Guanylyl cyclase C as a reliable immunohistochemical marker and its ligand Escherichia coli heat-stable enterotoxin as a potential protein-delivering vehicle for colorectal cancer cells

• Published in: European journal of cancer (1990) Vol. 41; no. 11; pp. 1618 - 1627
• Main Authors: Buc, E., Vartanian, M. Der, Darcha, C., Déchelotte, P., Pezet, D.
• Format: Journal Article
• Language: English
• Published: Oxford Elsevier Ltd 01.07.2005; Elsevier
• Subjects: Adult; Aged; Bacterial Toxins - metabolism; Biological and medical sciences; Biomarkers, Tumor; Caco-2 Cells; Colorectal cancer; Colorectal Neoplasms - enzymology; Enterotoxins - metabolism; Escherichia coli Proteins; Female; Fluorescent Antibody Technique; Fusion protein; Green Fluorescent Proteins - administration & dosage; Green Fluorescent Proteins - metabolism; Guanylate Cyclase - metabolism; Guanylyl cyclase C; Heat-stable enterotoxin; Humans; Immunofluorescence; Immunohistochemistry; Immunohistochemistry - methods; Life Sciences; Male; Medical sciences; Middle Aged; Pharmaceutical Vehicles; Pharmacology. Drug treatments; Protein delivery; Receptors, Enterotoxin; Receptors, Guanylate Cyclase-Coupled; Receptors, Peptide - metabolism; Tumors; Immunohistochemistry; Colorectal cancer; Protein delivery; Heat-stable enterotoxin; Immunofluorescence; Fusion protein; Guanylyl cyclase C; Antineoplastic agent; Animal model; Temperature; Rectal disease; Targeting; Ligand; Escherichia coli; Phosphorus-oxygen lyases; Biological marker; Environmental factor; Lyases; Guanylate cyclase; Cancerology; Bacteria; Intestinal disease; Tumor cell; Enterobacteriaceae; Human; Enzyme; Rodentia; Pharmacology; Malignant tumor; Colonic disease; Toxin; Anatomic pathology; Vertebrata; Mammalia; Mouse; Enterotoxin; Digestive diseases; HEAT-STABLE ENTEROTOXIN; IMMUNOFLUORESCENCE; IMMUNOLOGIE; FUSION PROTEIN; COLORECTAL CANCER; GUANYLYL CYCLASE C; IMMUNOHISTOCHEMISTRY; PROTEIN DELIVERY
• ISSN: 0959-8049; 1879-0852
• DOI: 10.1016/j.ejca.2005.02.031

mRNA-based technologies and preclinical research in a variety of animal models have shown that guanylyl cyclase C (GCC) is a highly sensitive and specific molecular marker for the diagnosis of colorectal cancer (CRC).
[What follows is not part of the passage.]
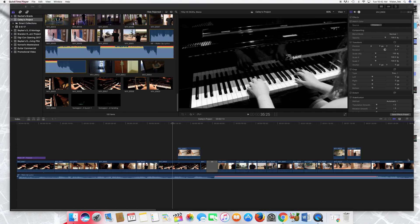Hi guys, so today I'll be showing you how I accomplished my four-week music video project. This time with my music video I wanted to focus more on angles, lighting, transitions, and just editing in general.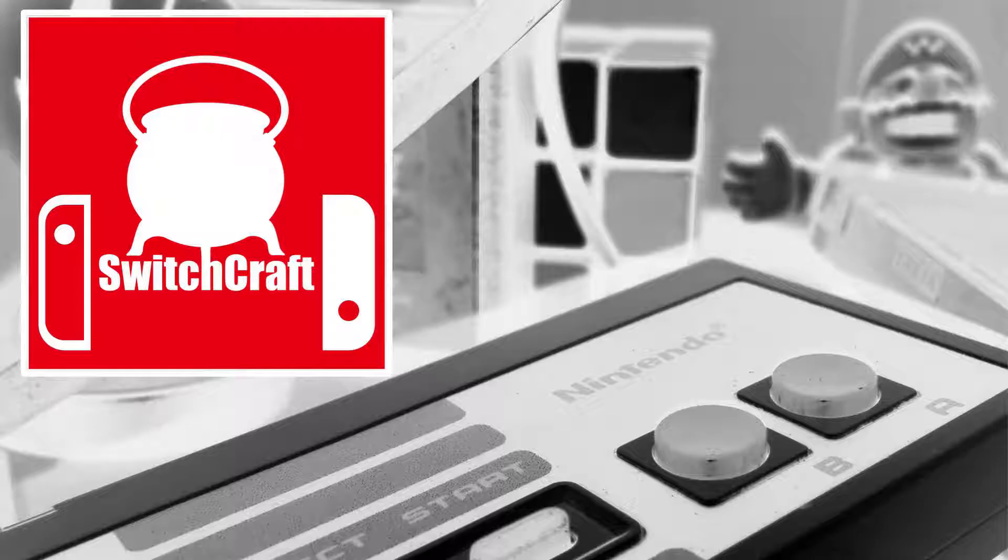Welcome to SwitchCraft. Today is October 27th, 2016, and we are one week after Nintendo announced the Nintendo Switch. Let's talk about my biggest questions that I still have about the Switch.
GCC is also a receptor for Escherichia coli ( E. coli) heat-stable enterotoxin (STa) and can be used for STa-directed delivery of small-sized imaging agents to human CRC tumours. In this study, we have evaluated GCC as a new immunohistochemical (IHC) marker for CRC tissues and STa as a suitable vector for delivering high-sized protein molecules to CRC cells. Firstly, we have developed a highly sensitive EnVision +-based IHC staining method for detecting GCC in serial paraffin-embedded sections of primary and metastatic CRC (38 cases) or non-CRC (14 cases) adenocarcinomas. Carcinoembryonic antigen (CEA) and cytokeratin 20 (CK20) were chosen as controls. Our results indicate that GCC staining was positive in 100% of CRC tumours and was comparable to CEA (95%) or CK20 (92%). In contrast to CEA and CK20, GCC was negative in all of the extra-intestinal non-CRC tumours examined. GCC appears to display higher specificity than either CEA or CK20 while retaining high sensitivity, suggesting that it is a better CRC marker than CEA or CK20. Secondly, STa was genetically coupled to green fluorescent protein (GFP) and the resulting GFP-tagged STa was characterized for expression in E. coli and enterotoxicity in mouse. The binding characteristics of GFP-STa in CRC Caco-2 cells were followed by immunofluorescence microscopy. In this work we show that GFP-tagged STa is biologically active and has retained its ability to internalise into Caco-2 cells making it a potential vehicle for the delivery of anticancer therapeutic protein agents.